| What needs to be done |
Begin at the line containing "工厂直销美国全红橡木三门鞋柜纯实木二门北欧风客厅对开门" and retype each line through the end of the records exactly. Include nothing else and no pictures.

| Data for this exercise |
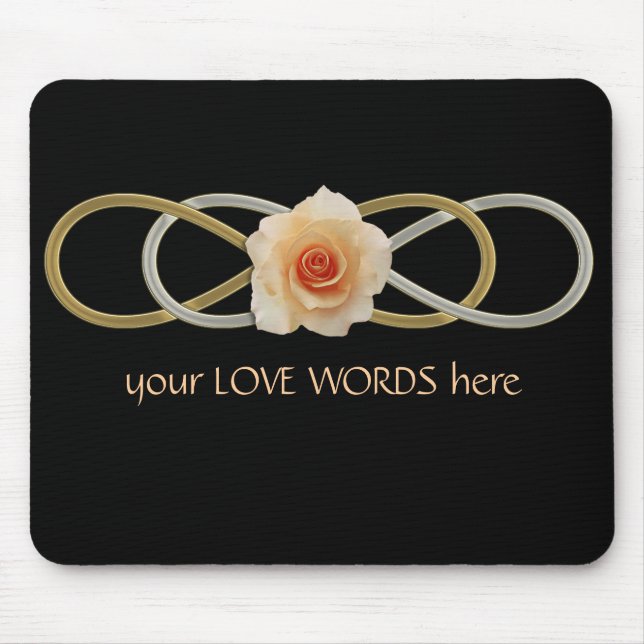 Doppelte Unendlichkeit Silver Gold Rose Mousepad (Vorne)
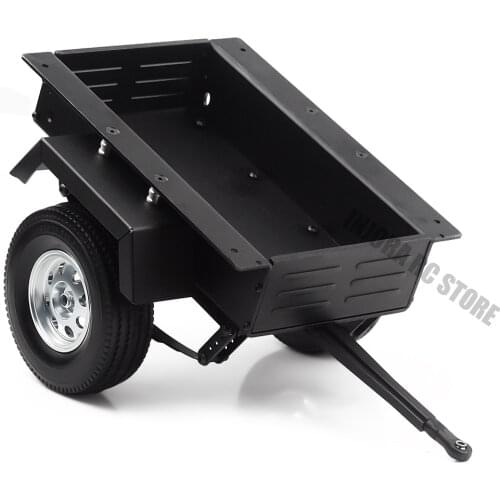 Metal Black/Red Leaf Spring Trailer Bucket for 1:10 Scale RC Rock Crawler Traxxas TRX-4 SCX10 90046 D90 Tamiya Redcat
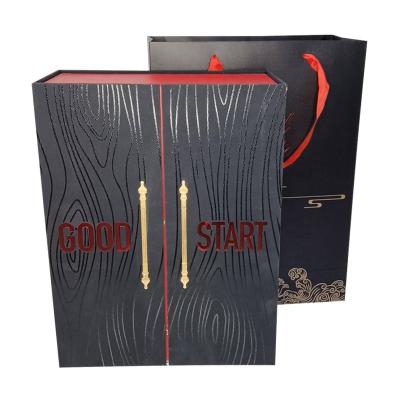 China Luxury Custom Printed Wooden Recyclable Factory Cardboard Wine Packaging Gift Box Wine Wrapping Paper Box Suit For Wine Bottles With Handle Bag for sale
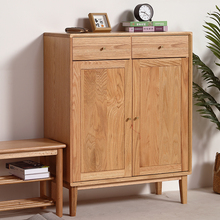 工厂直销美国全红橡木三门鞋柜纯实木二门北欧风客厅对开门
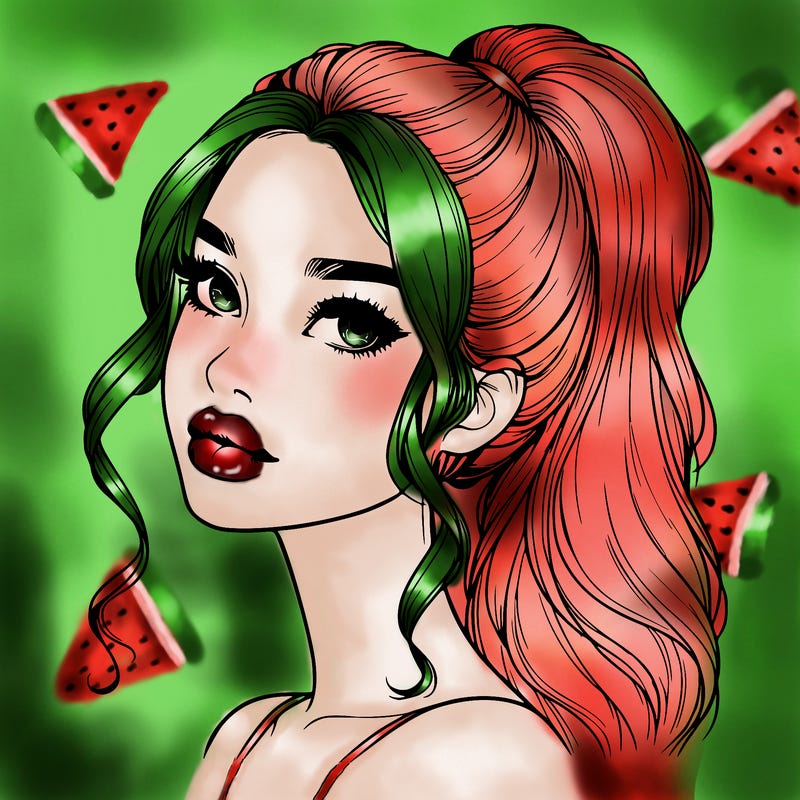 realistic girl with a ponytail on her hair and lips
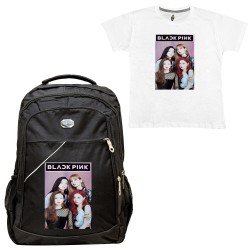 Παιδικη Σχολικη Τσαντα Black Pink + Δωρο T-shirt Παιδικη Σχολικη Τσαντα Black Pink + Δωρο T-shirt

| Task response |
 工厂直销美国全红橡木三门鞋柜纯实木二门北欧风客厅对开门
 realistic girl with a ponytail on her hair and lips
 Παιδικη Σχολικη Τσαντα Black Pink + Δωρο T-shirt Παιδικη Σχολικη Τσαντα Black Pink + Δωρο T-shirt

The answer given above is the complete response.